My sons father was murdered and the perpetrator then took his own life. Can i sue his estate or any of his family for wrongful death. This happened in Tennessee.
Contact the Tennessee Bar Association for a free referral to a pre-screened wrongful death atty. right away. They have a referral office in East, West and Middle Tennessee and will give you the phone number you need. Just google the words Teenessee Bar Association. You can also address this question to a Tenn. wrongful atty. here on Avvo.
In Georgia, an action for wrongful death needs to be brought by or on behalf of someone who is the next of kin to the deceased. In this instance, your son would be at least one of the next of kin, and a suit could be brought on his behalf if he is a minor or under guardianship, and by him directly if he is of majority. However, you should check with a lawyer in Tennessee to see if the same rules apply there. Also, depending on where he was killed and the residency of the parties, the case may need to be brought where it happened or even in Federal Court, so we would need more details to determine that.
Finally, a successfully prosecuted wrongful death claim can result in a large judgment, but it would do you son little good and a lot of costs if the defendant was insolvent. In other words, does the defendant's estate have any value? If not, you may be going to a lot of trouble for nothing.
the previous lawyer answers are correct and i too am sorry for your and your son's loss. i just want to add that if the murder occured at a buisness , depending on the circumstances there may be a claim against the buisness for negligent security or if the father was on the job then a workers comp claim.

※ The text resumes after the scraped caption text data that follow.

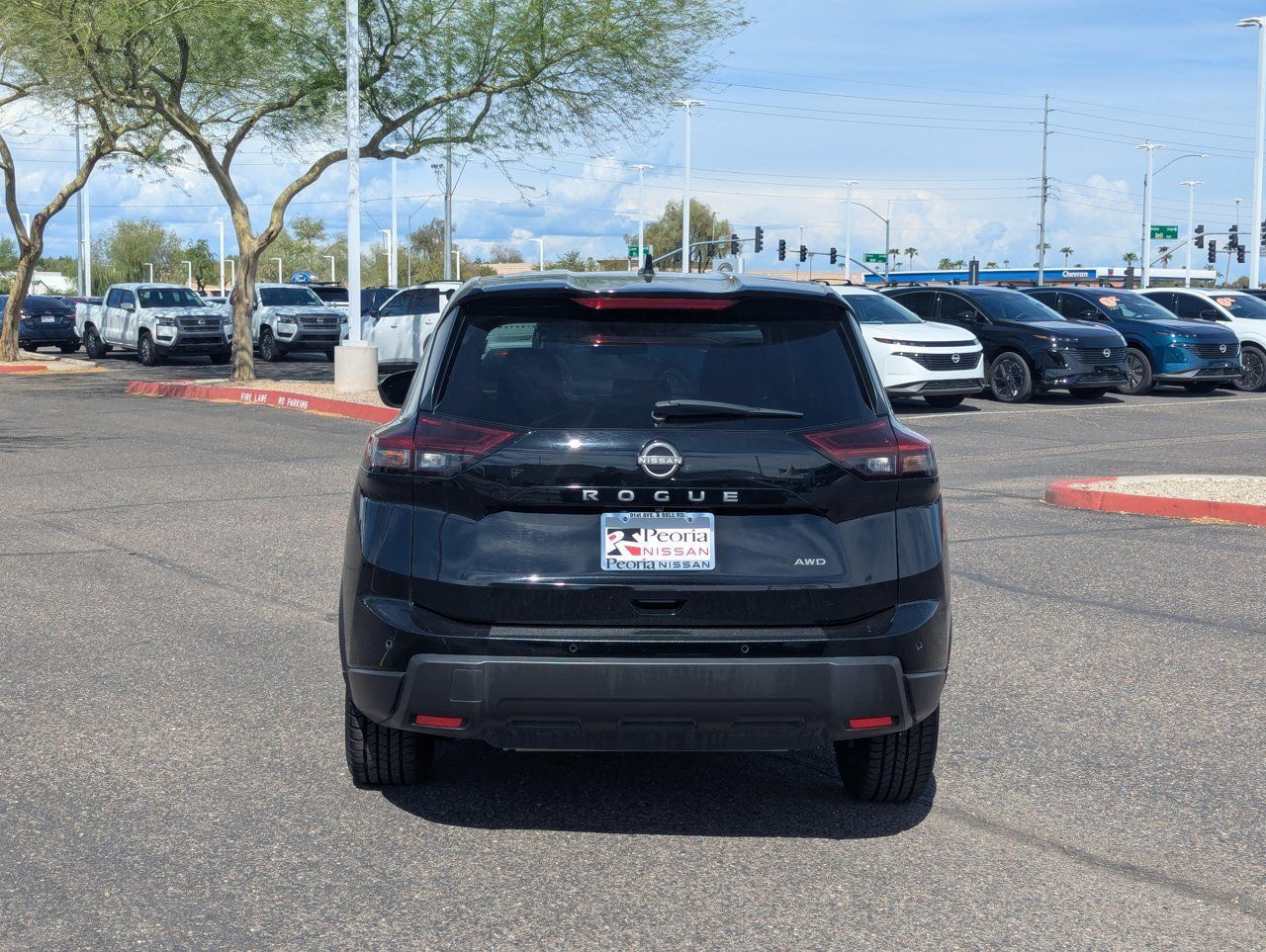 Certified 2025 Nissan Rogue SV AWD/4WD image 4
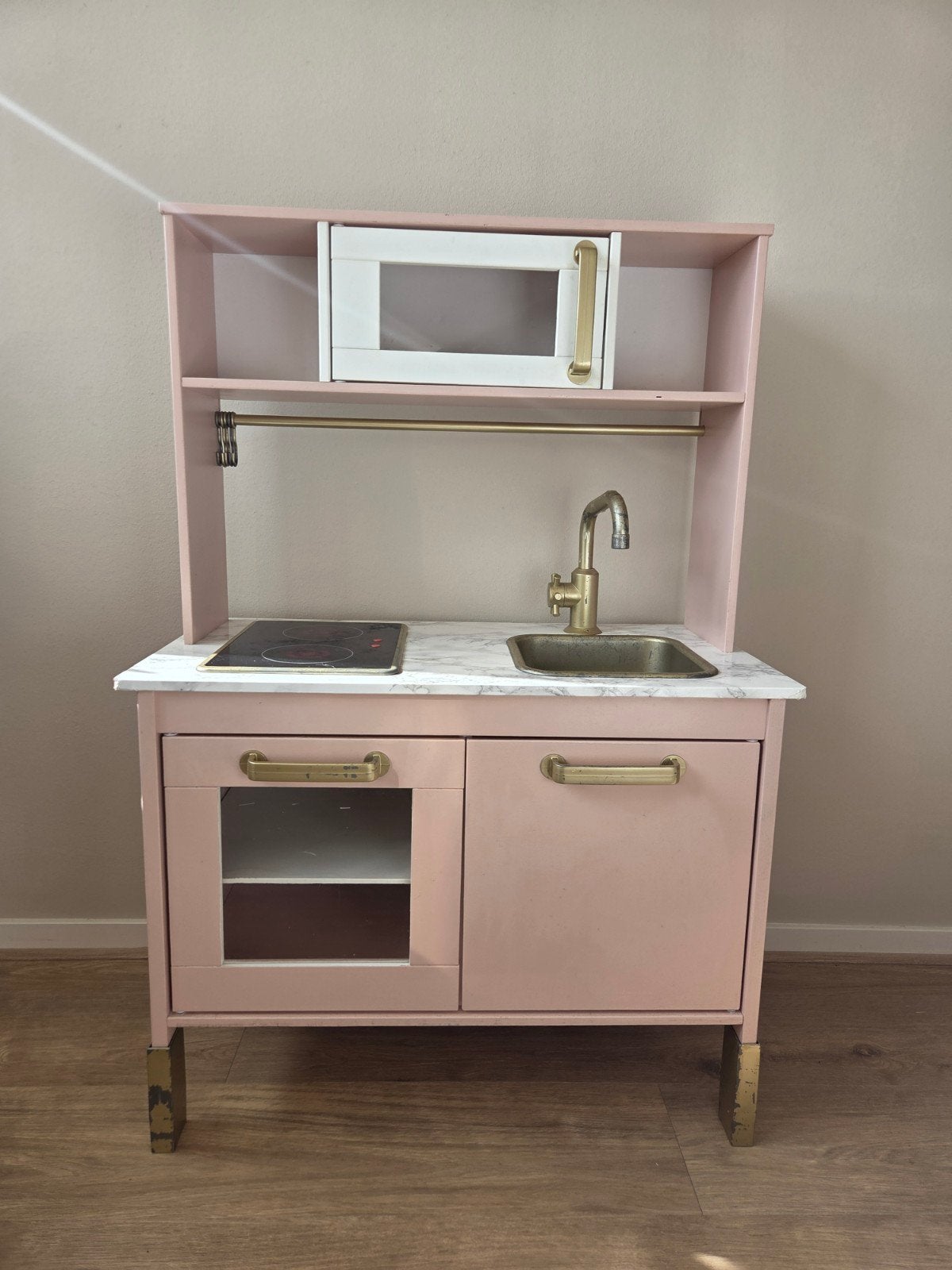 Roze gepimpte Ikea kinderkeuken met marmerlook en gouden det, Ophalen, Gebruikt, Knutselen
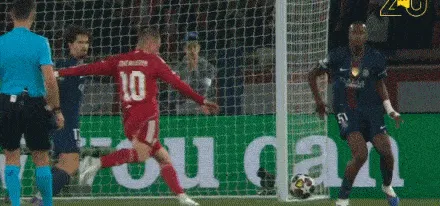 天博体育官方入口-麦卡利斯特起脚劲射，帕乔防守时手臂碰到皮球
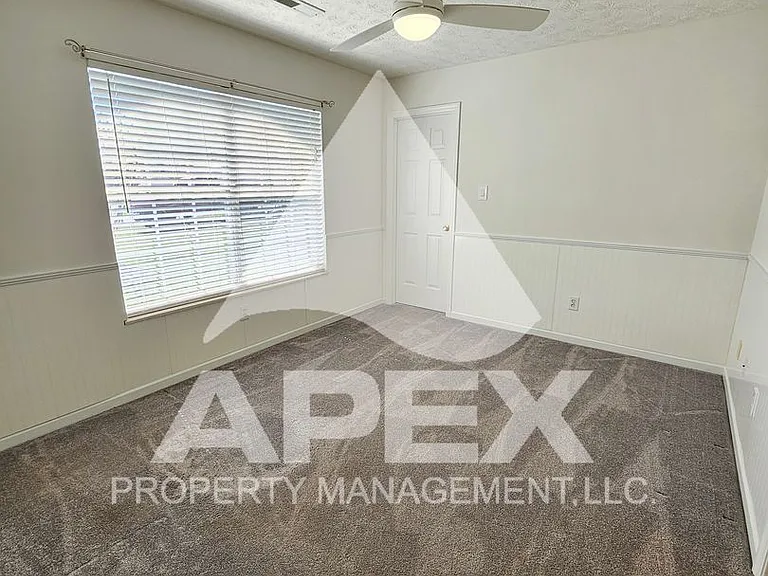 8705 Trapper Ln — Photo 16
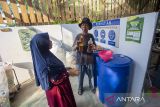 Pengurus Bank Sampah Wilayah Masyarakat Pengelola Daur Ulang Sampah (Wiralodra) mengumpulkan minyak jelantah yang dikumpulkan oleh warga di desa Balongan, Indramayu, Jawa Barat, Rabu (24/9/2025). PT Kilang Pertamina Internasional (KPI) Unit Balongan mengembangkan program ekosistem berkelanjutan melalui Bank Sampah Wiralodra dengan menukarkan sampah plastik dan minyak jelantah atau used cooking oil (UCO) dengan telur ayam sebagai langkah nyata dalam mendukung ekonomi sirkular. ANTARA FOTO/Dedhez Anggara/agr
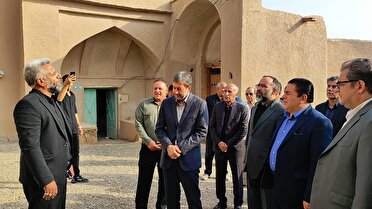 سفر استاندار به هرند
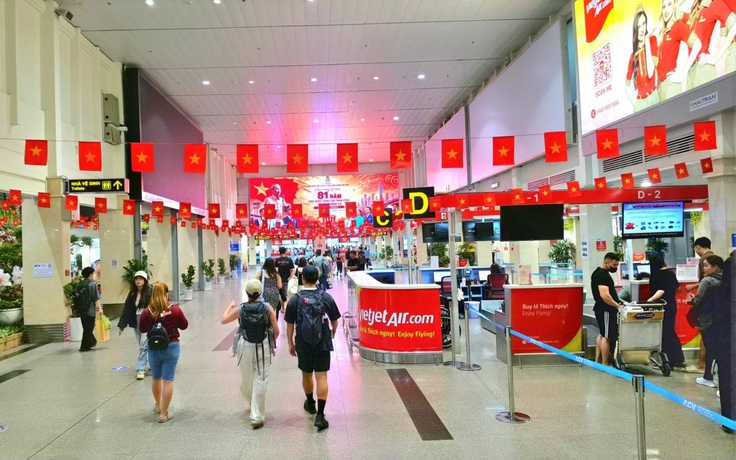 Rực rỡ cờ đỏ sao vàng, Vietjet mang Tết Độc lập lên độ cao 10.000 mét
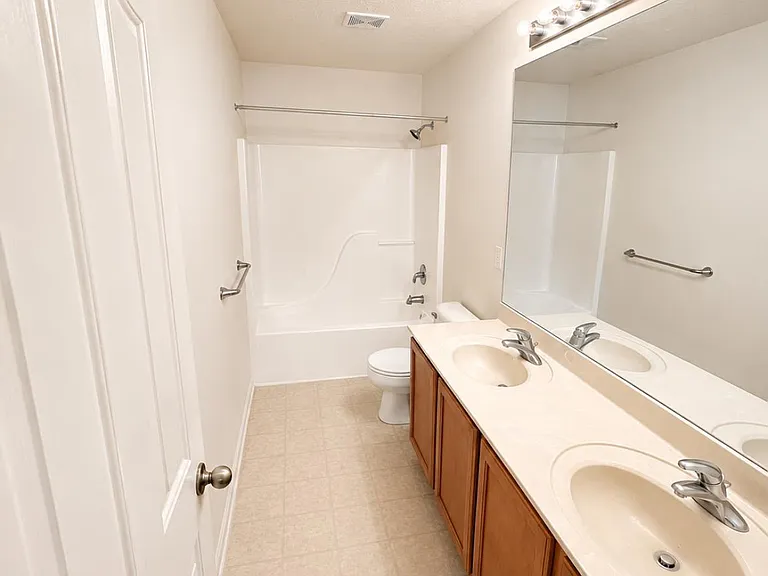 14331 Chariots Whisper Dr — Photo 12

I am sorry to hear of this strategy. In theory the estate of the perpetrator can be sued for wrongful death. The problem often is, does the estate have any money? Also, wrongful death cases are highly technical and generally have short statutes of limitations. Speak to a personal injury lawyer about the specifics of your case. Such consultations are generally free.
You've received a lot of good information already, and I'll echo what others have said. Leaving aside the issue of who has the right to bring suit, the bigger question is whether the decedent (murderer) has any assets that would make a suit worthwhile. All of us (wrongful death attorneys) work on a contingency basis, so we earn our fee only when we recover funds. If the decedent has nothing to recover from, you would essentially have to pay an attorney his hourly rate upfront to get him to accept your case, or he would have to do it for free.
If the decedent has assets and assuming you can prove he murdered your son's father, it is an easy case to prove.